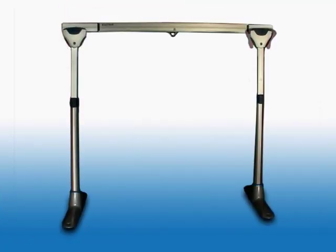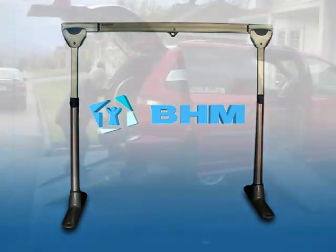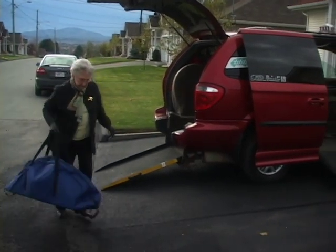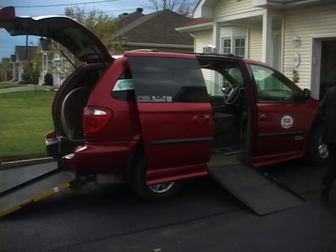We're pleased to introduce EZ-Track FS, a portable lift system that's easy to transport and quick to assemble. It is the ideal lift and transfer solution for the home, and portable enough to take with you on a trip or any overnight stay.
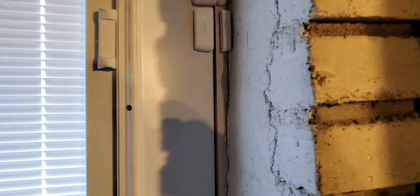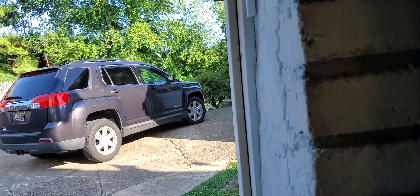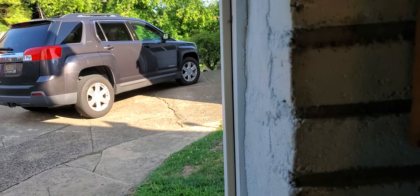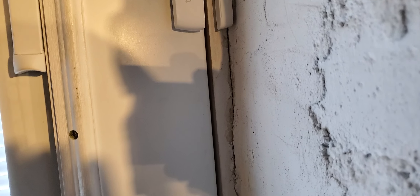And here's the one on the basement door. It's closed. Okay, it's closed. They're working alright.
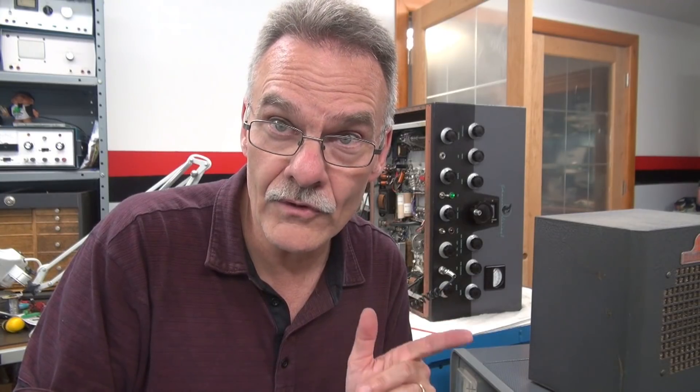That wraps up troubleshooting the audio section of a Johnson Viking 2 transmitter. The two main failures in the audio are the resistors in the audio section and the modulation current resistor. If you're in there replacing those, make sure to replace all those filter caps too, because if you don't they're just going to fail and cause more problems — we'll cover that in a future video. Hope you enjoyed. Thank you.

┄┄┄┄┄┄┄┄┄┄┄┄┄┄┄┄┄┄┄┄

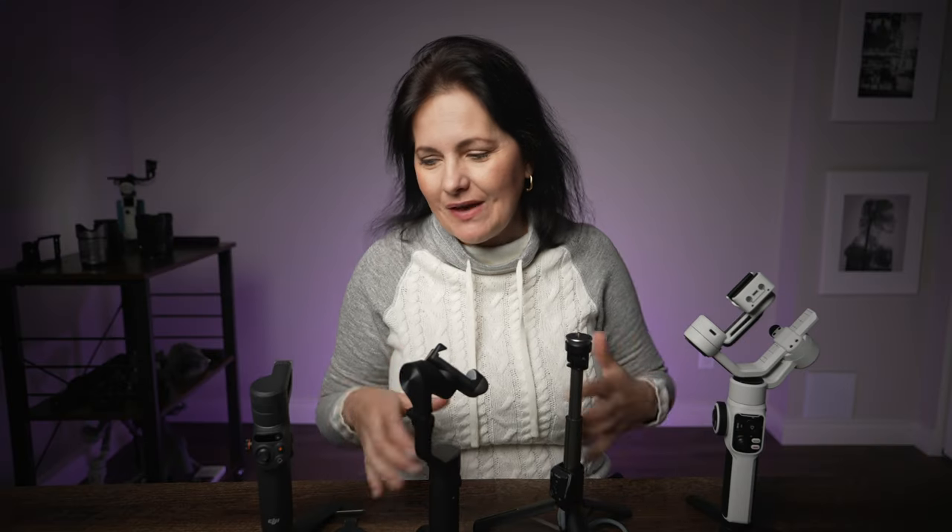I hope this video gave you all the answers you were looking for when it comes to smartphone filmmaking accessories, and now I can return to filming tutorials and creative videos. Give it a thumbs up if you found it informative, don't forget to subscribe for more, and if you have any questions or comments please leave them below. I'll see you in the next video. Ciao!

┄┄┄┄┄┄┄┄┄┄┄┄┄┄┄┄┄┄┄┄

PROBLEM STATEMENT:
Using the listing above, repeat word for word each line from the one with "We're pleased to" down to the one with "And here's the", both included. Omit all pictures.

ANSWER SECTION:
We're pleased to introduce EZ-Track FS, a portable lift system that's easy to transport and quick to assemble. It is the ideal lift and transfer solution for the home, and portable enough to take with you on a trip or any overnight stay.
And here's the one on the basement door. It's closed. Okay, it's closed. They're working alright.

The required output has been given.